Vamos papear sobre uma autora que já tá ocupando um espaço grande na minha estante, de tantos livros que tenho dela.

O livro

A parceira Intrínseca enviou o livro Com amor, Creekwood para nossa coleção. E preciso dizer, mais um livro com diagramação impecável para meu toc literário.

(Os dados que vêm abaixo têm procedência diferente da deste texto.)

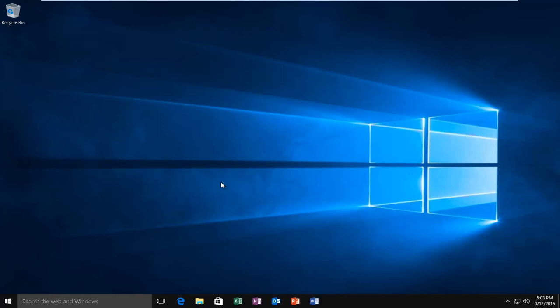Today I'm going to be showing how to enable transparency in the Start and Taskbar menus on Windows 10. This is a direct follow-up to my previous video where I show how to disable transparency.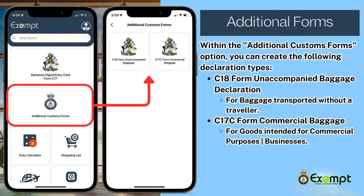From the home page, you will find additional customs forms. Within the additional customs forms option, you can create the following declaration types: Form C-18 Unaccompanied Baggage Declaration, which is for baggage transported without a traveler, or the C-17-C form for commercial baggage — goods intended for commercial purposes or business.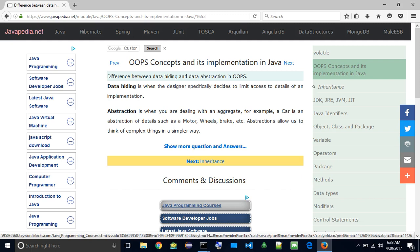Difference between data hiding and data abstraction in OOPs. Data hiding is when the designer specifically decides to limit access to details of an implementation.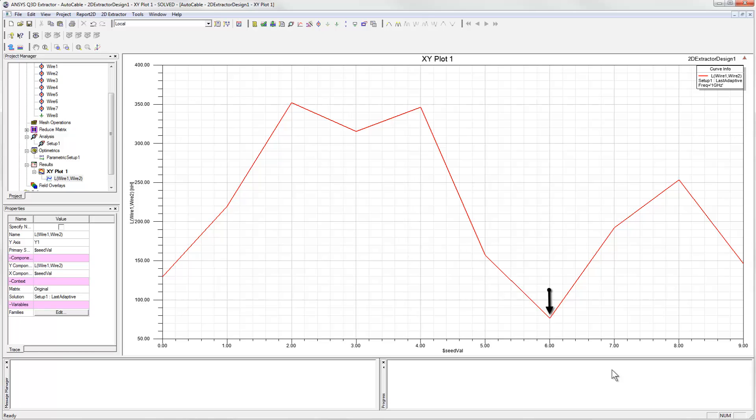The high value is about 350 nanohenrys per meter, and that occurs for a parameter value of 2. So we have a variation of over 4 times from the minimum to the maximum.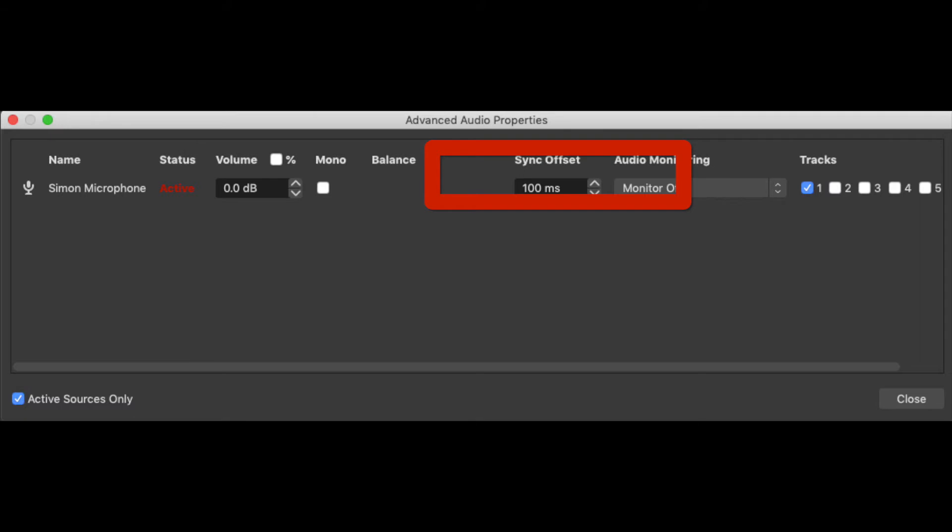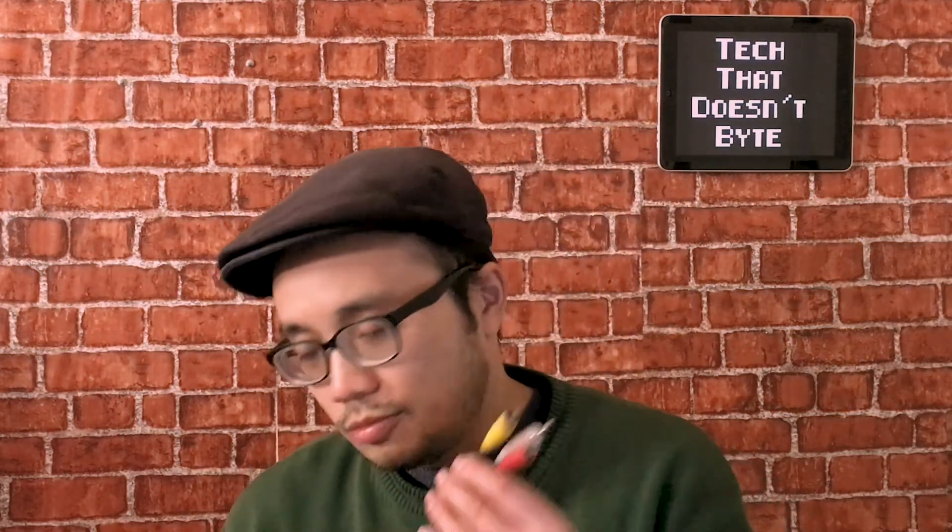If you notice your audio is not syncing properly when capturing video, you may need to go into the advanced properties and play around with the sync offset. I'd recommend checking each offset and making sure they're set to 100 milliseconds, or possibly 50 or 200 — you have to play around with the offset a little bit in order to match the syncing back to the video.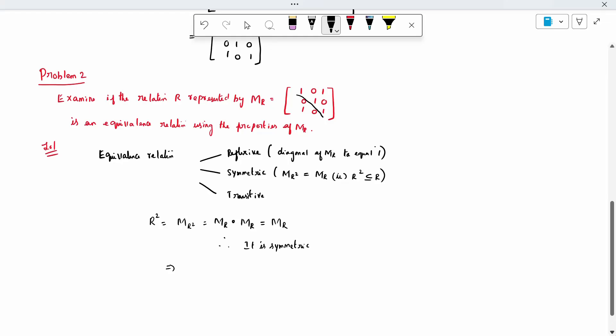For transitive: if it is transitive, R squared must be contained in R. Since MR squared equals MR, each element of R squared is a subset of R. Therefore it is transitive also. Since all three conditions are satisfied — reflexive, symmetric, and transitive — R is an equivalence relation.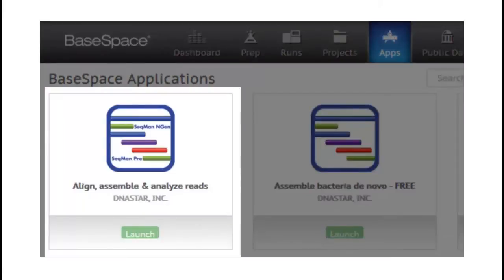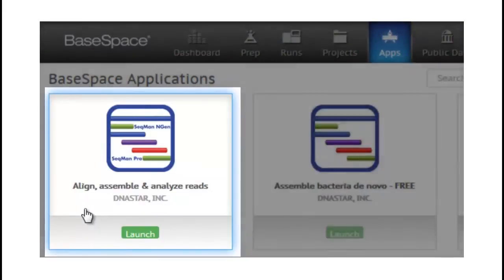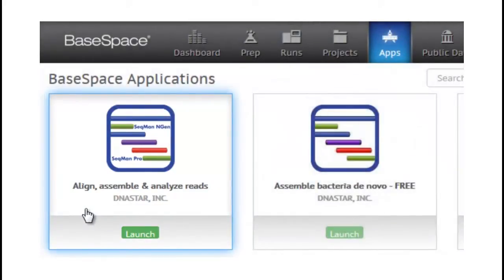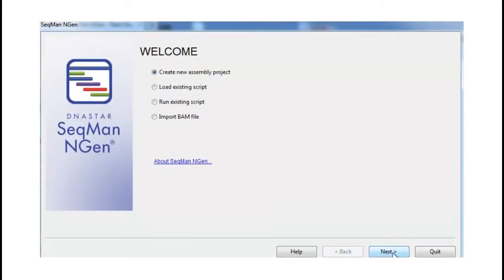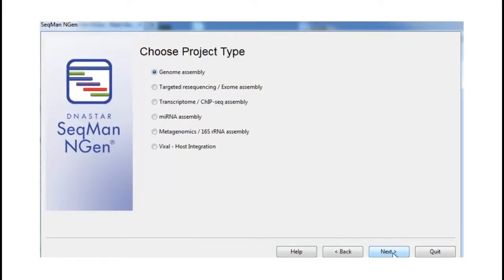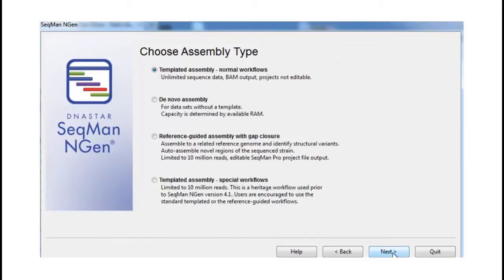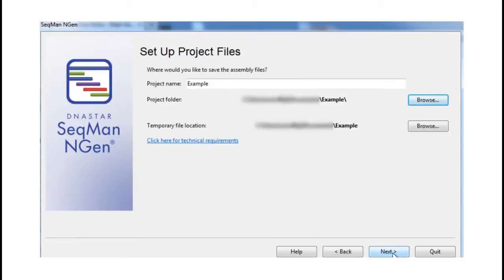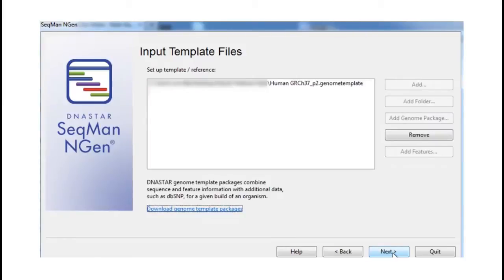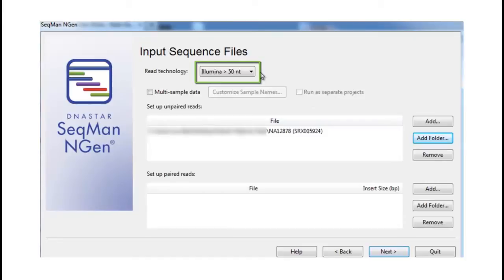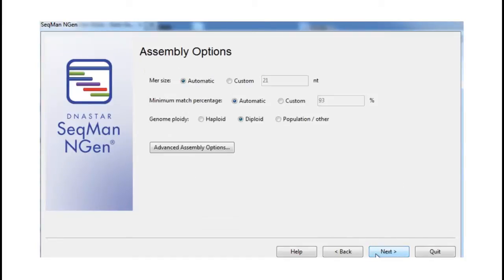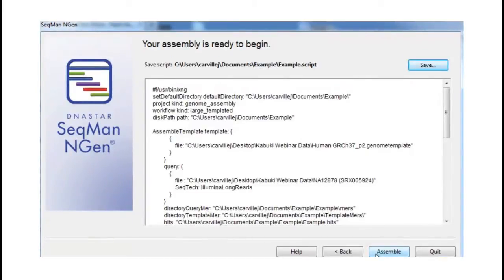Our second BaseSpace application allows for the use of both our SeekMan Engine and SeekMan Pro programs. We do have a free trial version available for this application. Our SeekMan Engine application supports a wide variety of next-gen sequence assembly projects, as well as both templated and de novo assembly options. Like in our previous application, setup is an easy step-by-step process in our wizard, leading you through the import of your Illumina data. SeekMan Engine has many customization options available. After completing the wizard, you have created a script that, after assembled, will result in a BAM file fully integrated with the rest of our DNA Star applications.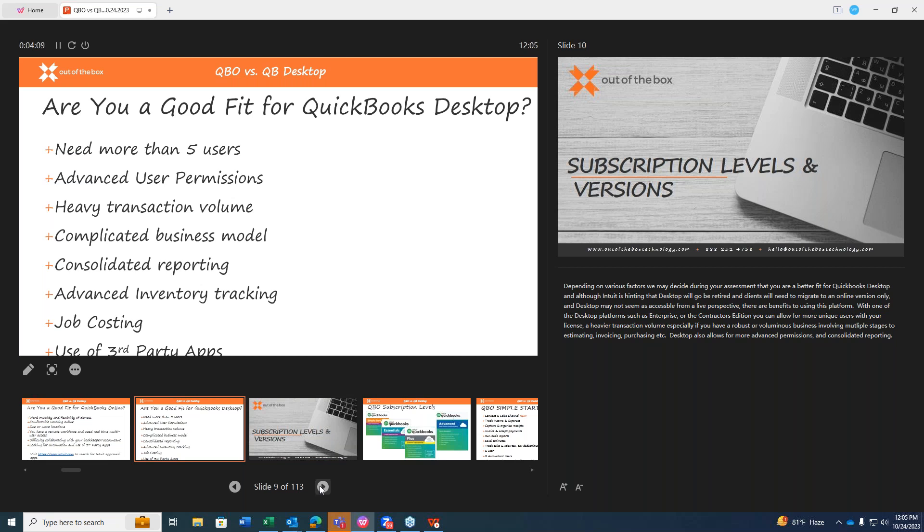Depending on various factors, we might decide during your assessment that you're a better fit for QuickBooks Desktop. Desktop also may not seem as accessible from a live perspective. There are definitely benefits still to using this platform. With one of the desktop platforms, such as Enterprise or even the Contractors Edition, you can allow for more unique users with your license, a heavier transaction volume, and Desktop also can really allow for more advanced permissions and consolidated reporting.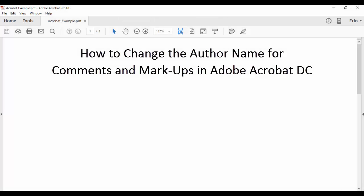Hello, my name is Erin, and in this tutorial I'm going to demonstrate how to change your author name for new comments and markups in Adobe Acrobat DC.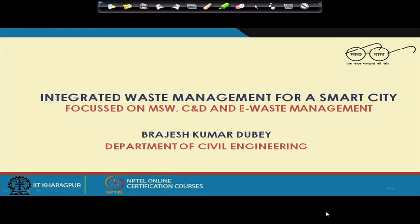We will get started from where we left in the previous module. We were talking about the collection — we left just before the collection, where we said how the waste has to be stored in the places where it is being generated. Today, once the waste is generated, we need to collect it. We will talk about what are the different collection equipment typically used, and we will also see some photographs of different collection equipment in action.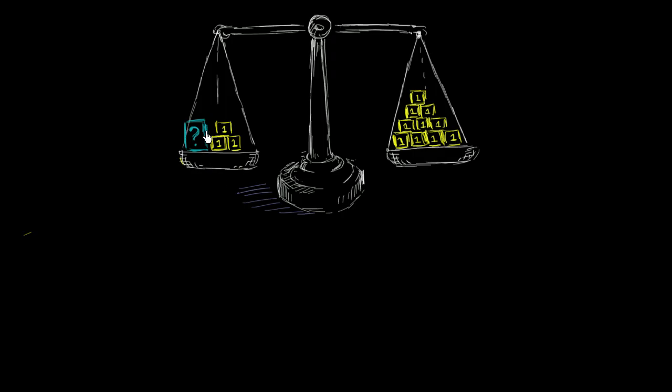We have this mystery mass over here. It's a big question mark on this blue mass right over here. And we also have a bunch of one kilogram masses. So these are all each a one kilogram mass.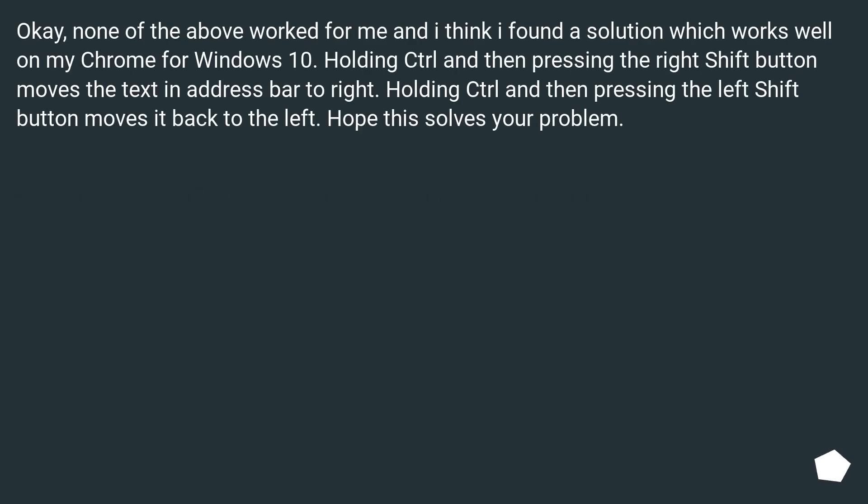Okay, none of the above worked for me, and I think I found a solution which works well on my Chrome for Windows 10. Holding Ctrl and then pressing the right Shift button moves the text in the address bar to the right. Holding Ctrl and then pressing the left Shift button moves it back to the left. Hope this solves your problem.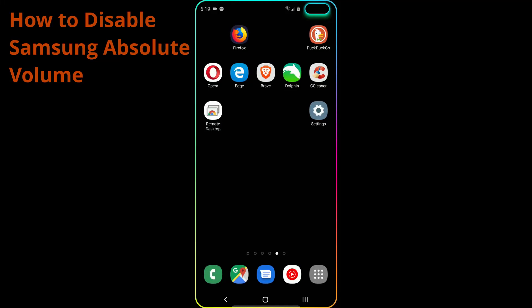Hey guys, welcome to the video. I'm going to be showing you today how to remove the absolute volume limit on a Samsung device.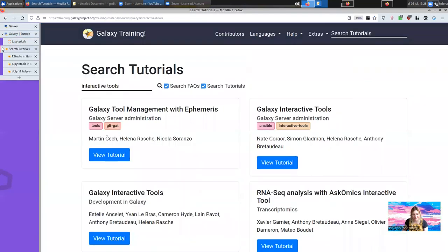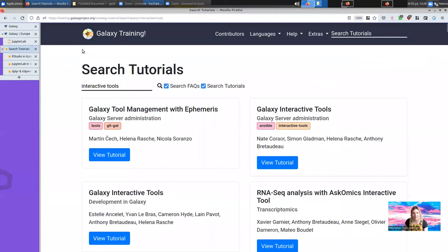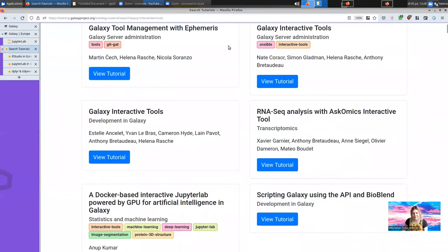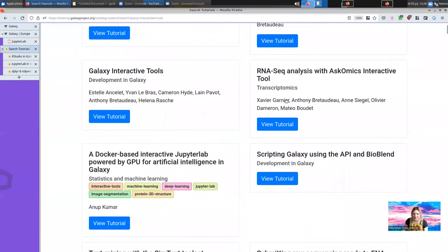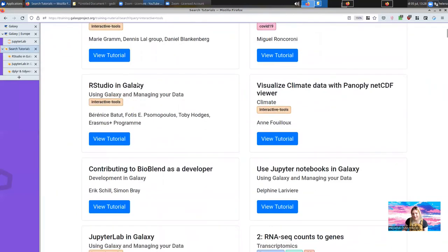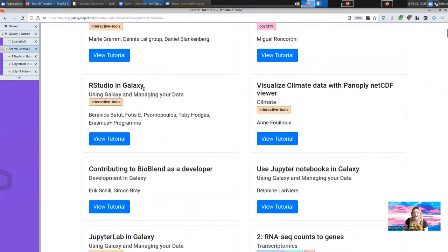If you're looking for training on interactive tools, there's a lot on the Galaxy Training Network. Just look for interactive tools. There's a couple on development and administration, which may not be so interesting, but if you want to see lots of examples, look for everything tagged interactive tools. Here you'll see primers and how to use RStudio in Galaxy, visualizing climate data. You can learn a lot from there.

A obra é uma espécie de finalização dos personagens de Com amor, Simon e Leah fora de sintonia.

 

Simon e Blue

Simon e Blue estão distantes, cursando faculdades há 189,1km de distância um do outro. Os emails entre eles são cheios de saudade e muito muito amor. Gente, em alguns momentos parece até que cai açúcar do livro. haha é meloso o casal, meodeos. Embora sem amem para todo o sempre, há o conflito interno sobre com vão fazer com a distância e como vão lidar com as visitas cada vez mais curtas. Há também uma interação entre eles e os amigos.

 

Abby e Leah

Já o “meu casal”, Leah e Abby vivem no mesmo alojamento, no mesmo quarto. E mesmo com toda essa proximidade, as duas enviam emails entre si, contanto o que estão sentindo e lidando com a falta de coragem de dizer a famosa palavrinha que começa com A. Se eu achei Simon e Blue melosos, aqui eu fiquei diabética. Amo a Leah, mas minha nossa senhora da diabete.

 

Personagens

O livro é super curtinho e rápido de ler. Fluiu em uma hora e consegui ter uma noção de como estavam todos os amigos. Inclusive a Starr (de O ódio que você semeia) e a SJ (de Cartas para Martin) aparecem rapidamente aqui. Mas é apenas uma menção, já que aparentemente as duas são primas de algum grau do Blue. A noção do que cada um está fazendo e a interação entre eles por mensagens torna o livro ainda mais fluido.

 

Minha opinião

Embora eu ame a escrita da autora e o universo Simon no geral, achei o livro quase “passável”. A sensação é de que eu poderia ficar sem essas informações. Mas mesmo assim, é um livro bom, bem no estilo da autora. Não tem nenhum grande plot nem nada parecido, não acontece nada tão relevante, é mais um diário contando o dia a dia de cada um, conversando entre eles.

 

No mais, vale a pena finalizar a “série”, já que chegamos até aqui, não é mesmo? A relação á distância e no mesmo quarto, a descoberta dos sentimentos mais fortes e os pensamentos sobre casamento e “resto da minha vida”, são reais e estão ali.

Fica meu apreço pela Becky mais uma vez, por tanta representatividade numa obra tão pequena. Precisamos disso, cada dia mais.